Mill Pond Elementary School's nurse and health teacher will begin presenting the Tar Wars anti-smoking program to fifth graders on Tuesday.

"I am always looking for creative ways to teach kids about topics like smoking, exercise, and nutrition and I came across Tar Wars on the Internet last year," said Mill Pond school nurse Anita Hergert.

Tar Wars is an anti-tobacco education program owned and operated by the American Academy of Family Physicians designed for 4th and 5th grade students and consists of three parts: a pre-activity exercise, a 40-50 minute classroom presentation and a follow up poster contest.

Hergert said they have already completed the pre-activity exercise, which was a pre-test to find out students' impressions of smoking. On Tuesday, she and health teacher Nancy Coleman will begin the classroom presentations, working their way through the 14 5th-grade
classes. The poster contest will take place after that, where the children will convey the message to never start smoking. The posters will be judged and the best three will be entered in the national Tar Wars poster contest.

To get students talking about the upcoming program, Hergert said the art teacher created posters that have been posted around school that say, "Tar Wars - Get Ready."

"The theme is how peer pressure, the media and being cool push them to smoke and the physical implications, such as premature aging, how it effects their skin and teeth, how they smell," said Hergert, who has been Mill Pond's school nurse for seven years. "Seeing the short-term effects will impact them more at the moment than thinking of the long-term."

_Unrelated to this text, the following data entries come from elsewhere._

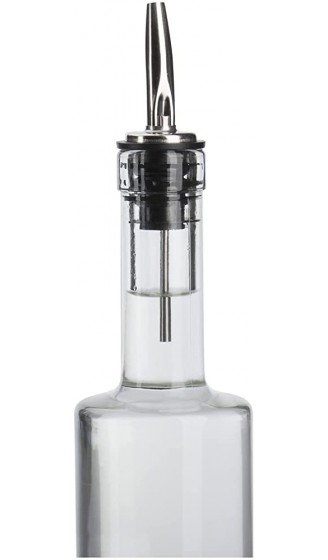 Westmark 12 Spirituosen- Öl-Ausgießer für Flaschen mit Luftröhrchen Metall rostfreier Edelstahl Kunststoffkorken Inox Gastro Silber 47322610 - B09VCHZHF6P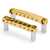 Gotoh 510 Bridge and Tailpiece, Bridge and Tailpiece, gold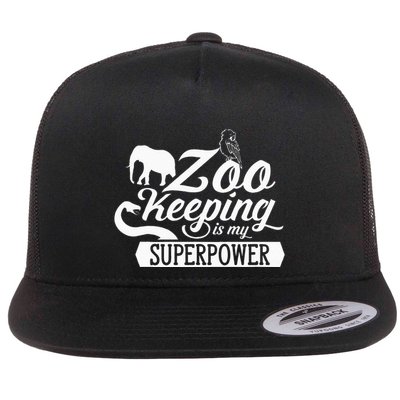 Zookeeper Job Zookeepers Zoo Keeper Zookeeping Flatbill Hat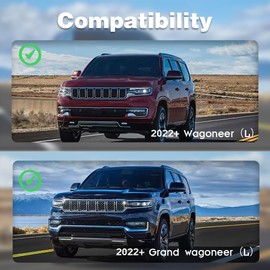 Cross Bar for Jeep Wagoneer & Grand Wagoneer & Wagoneer L & Grand Wagoneer L 2022 2023 2024 Roof Rack Rail Accessories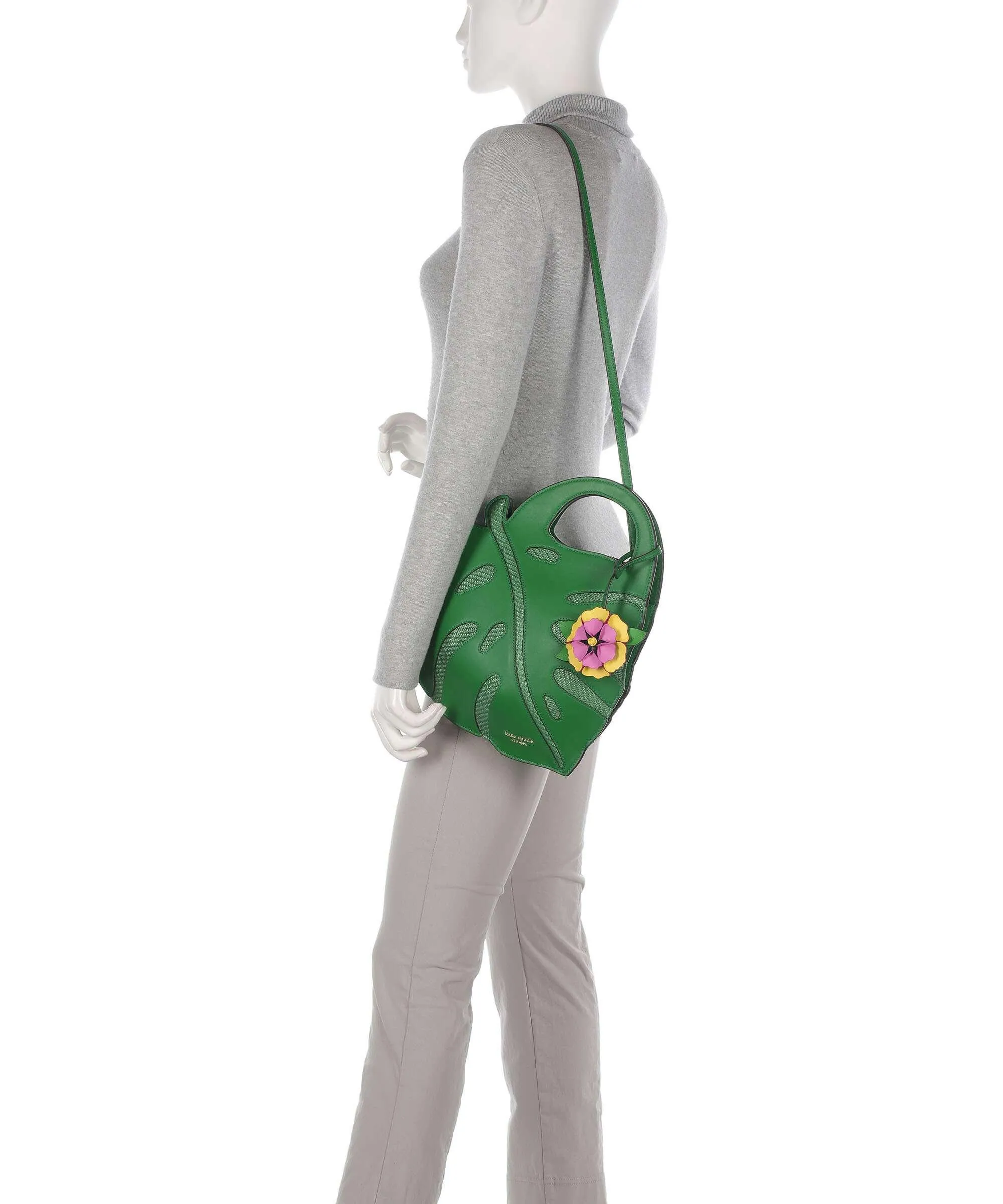  Kate Spade New York Playa Borsa a mano pelle di vacchetta finemente grana, libro verde  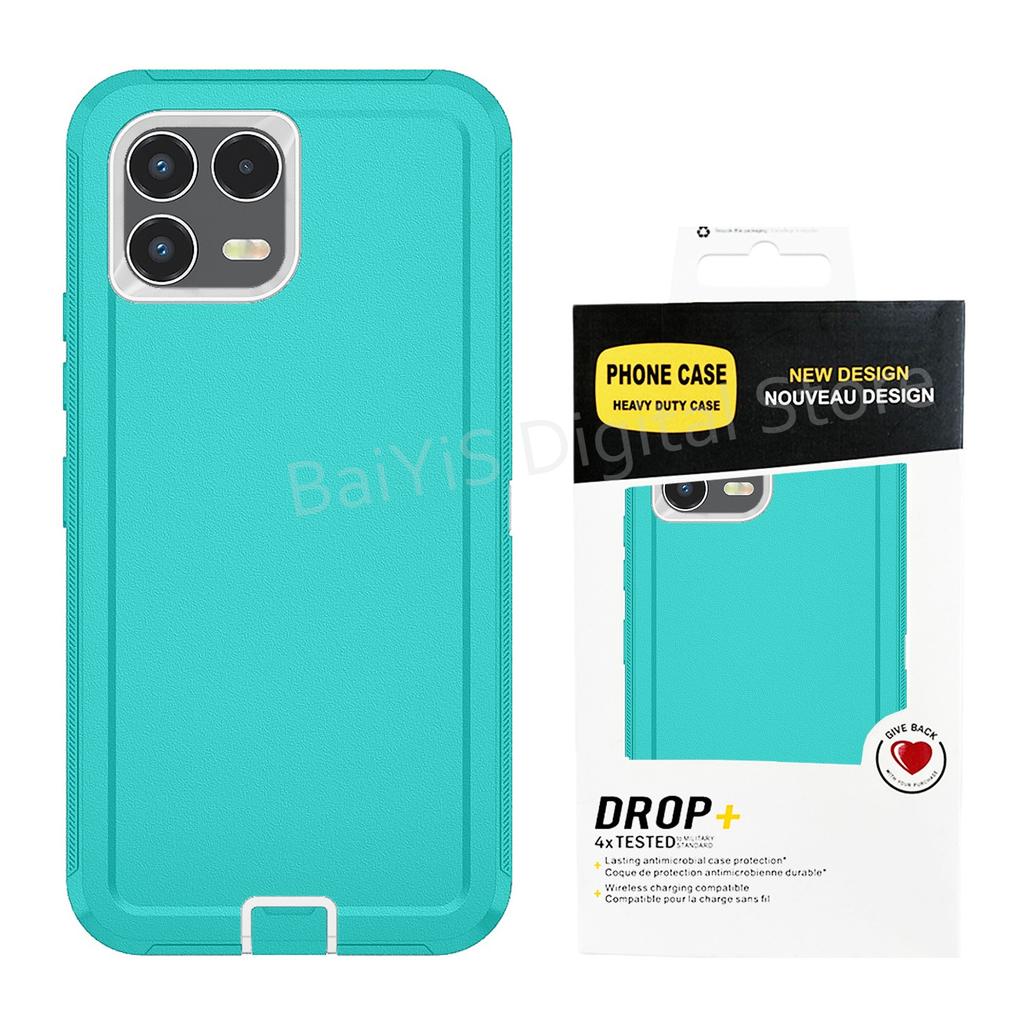 Casual Durable Heavy Duty Hybrid Defender Phone Case For T-Mobile Revvl 8 7 Pro 3-Layer Armor Shockproof Protective Cover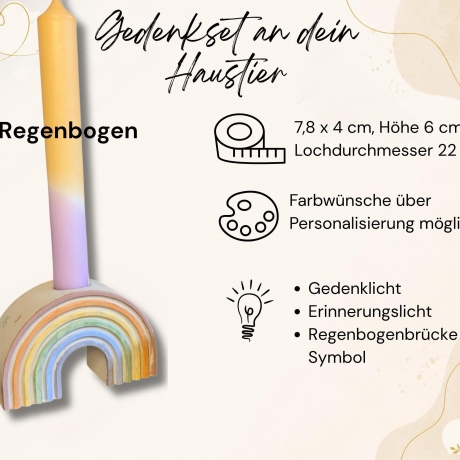 Gedenkdekoration Haustier | Regenbogenbrücke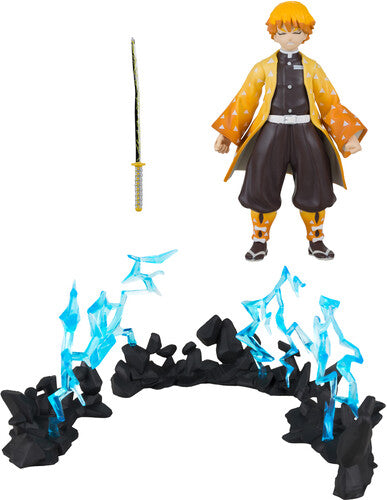 McFarlane Toys - Demon Slayer 5" Deluxe Wave 1 - Zenitsu with Thunder Breathing Accessories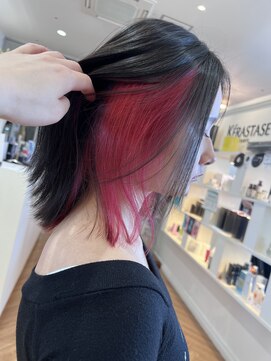 コワファースト  させぼ五番街店(COIFF1RST) inner×REDcolor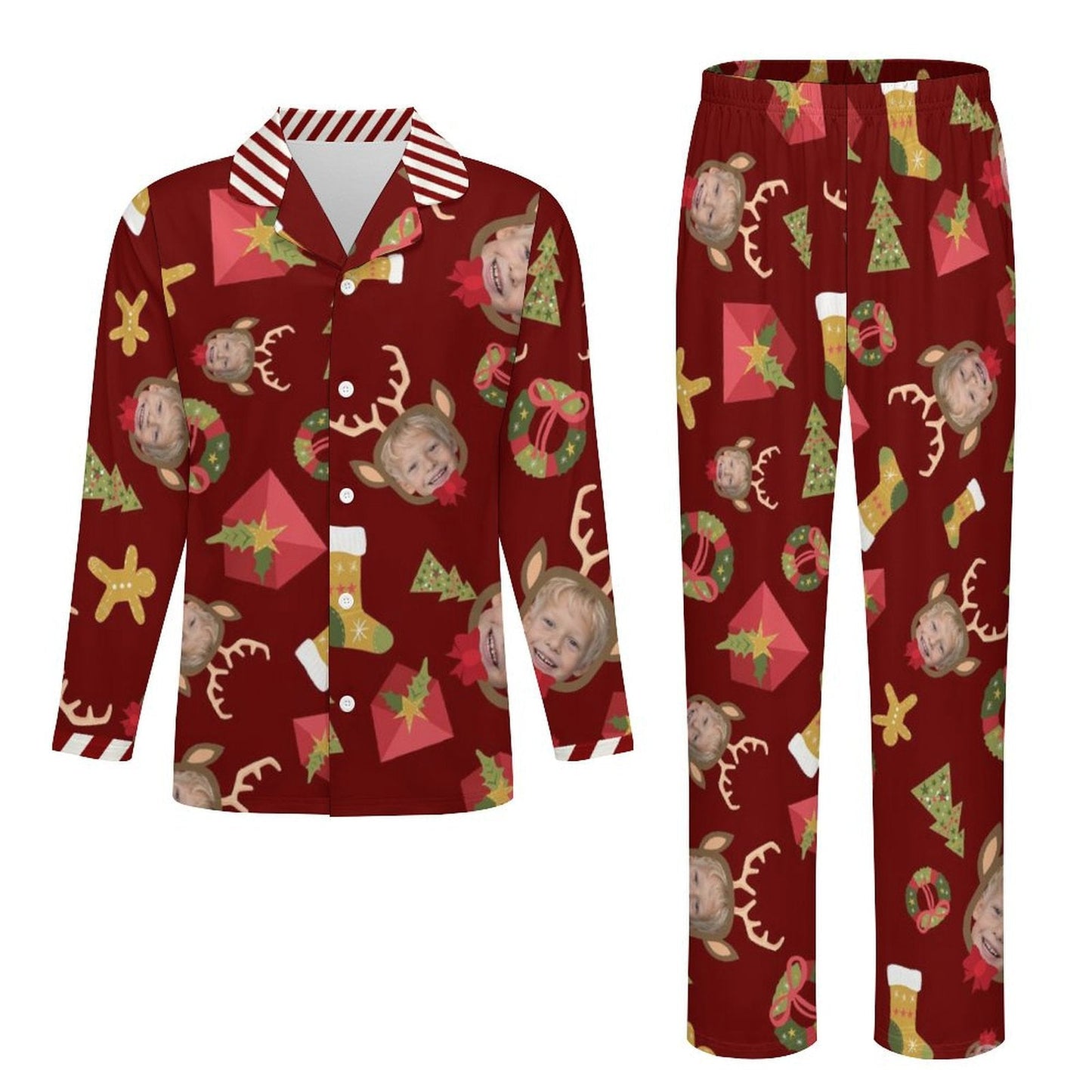 [Without Pockets]Custom Photo A Gift That Brings Joy And Warmth To Your Relationship - Kids' Personalized Custom Pajamas with Pocket - OOOMG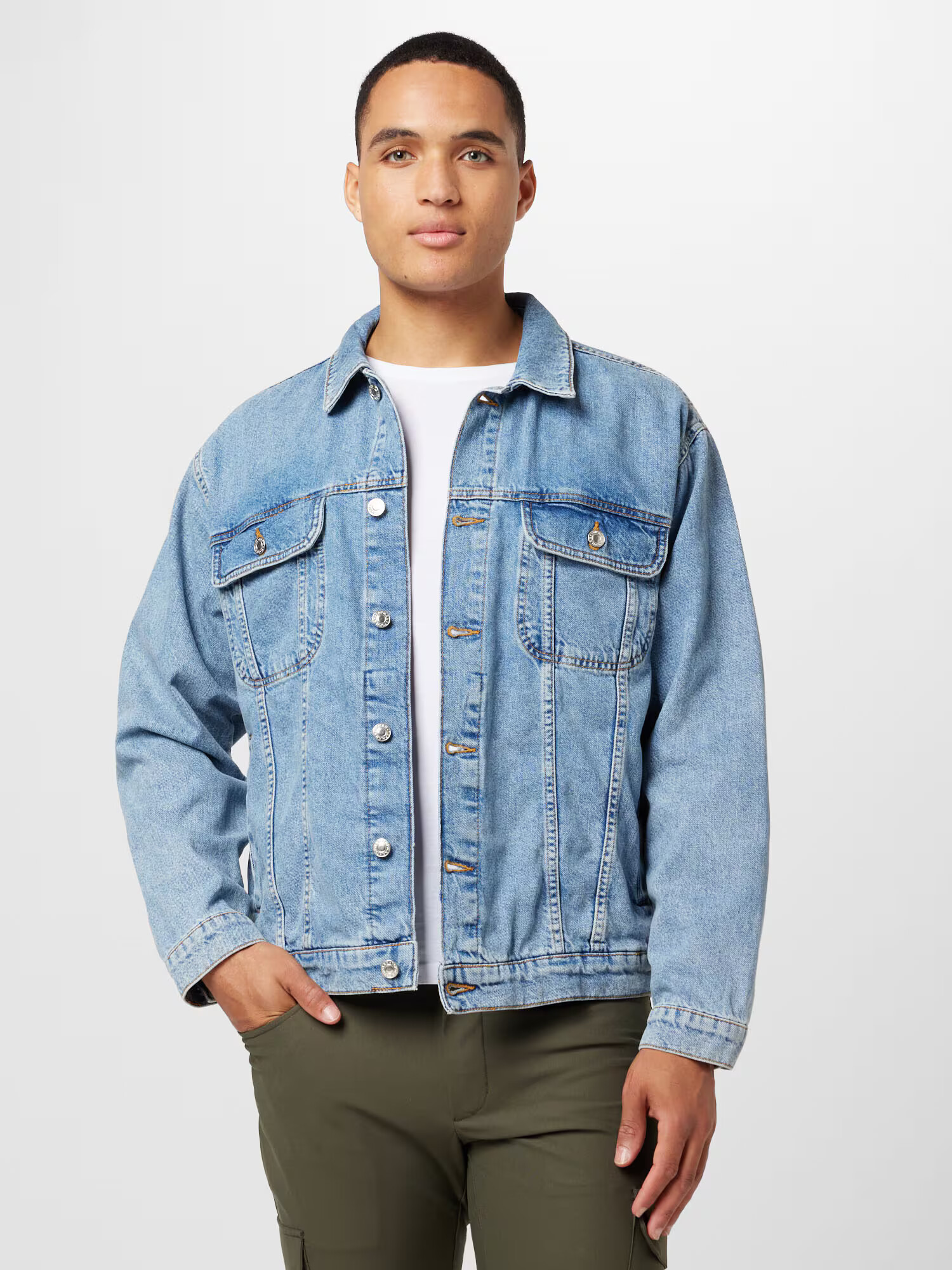 TOPMAN Prehodna jakna moder denim - Pepit.si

The Lacey Township Municipal Alliance, the town's anti-drug, alcohol and tobacco abuse organization, contributed $324 to the program to buy red, black and white, rubber Tar Wars bracelets for the fifth-graders.

"Kids are smoking even younger than that," said Tom Faulkner, Mill Pond's Substance Abuse Counselor, an Alliance member who requested the expenditure at the Alliance meeting in January. "There is peer pressure to get friends to smoke."

According to the Tar Wars website, nearly 440,000 deaths in the United States each year can be attributed to smoking or exposure to secondhand smoke. Each day, more than 3,500 children in the U.S. try cigarettes for the first time and another 1,000 become regular, daily smokers.

"I have heard that some of my students have tried tobacco in the past, but I don't believe it is prevalent in my school," said Hergert. "Many of my students are exposed to secondhand smoke at home, though."

Another aspect Hergert and Coleman plan to touch on is the financial impact of smoking. They estimate regular smoking costs users about $200 a month, which, if they didn't smoke they could use the money to buy an item like a Wii gaming system.

"This is my first year doing the program and I hope it is successful so that we may incorporate it into our health curriculum," said Hergert. "I feel the best deterrent to smoking is to educate our children early on about the dangers of tobacco use. It is so much harder to quit than it is to resist that initial temptation to start."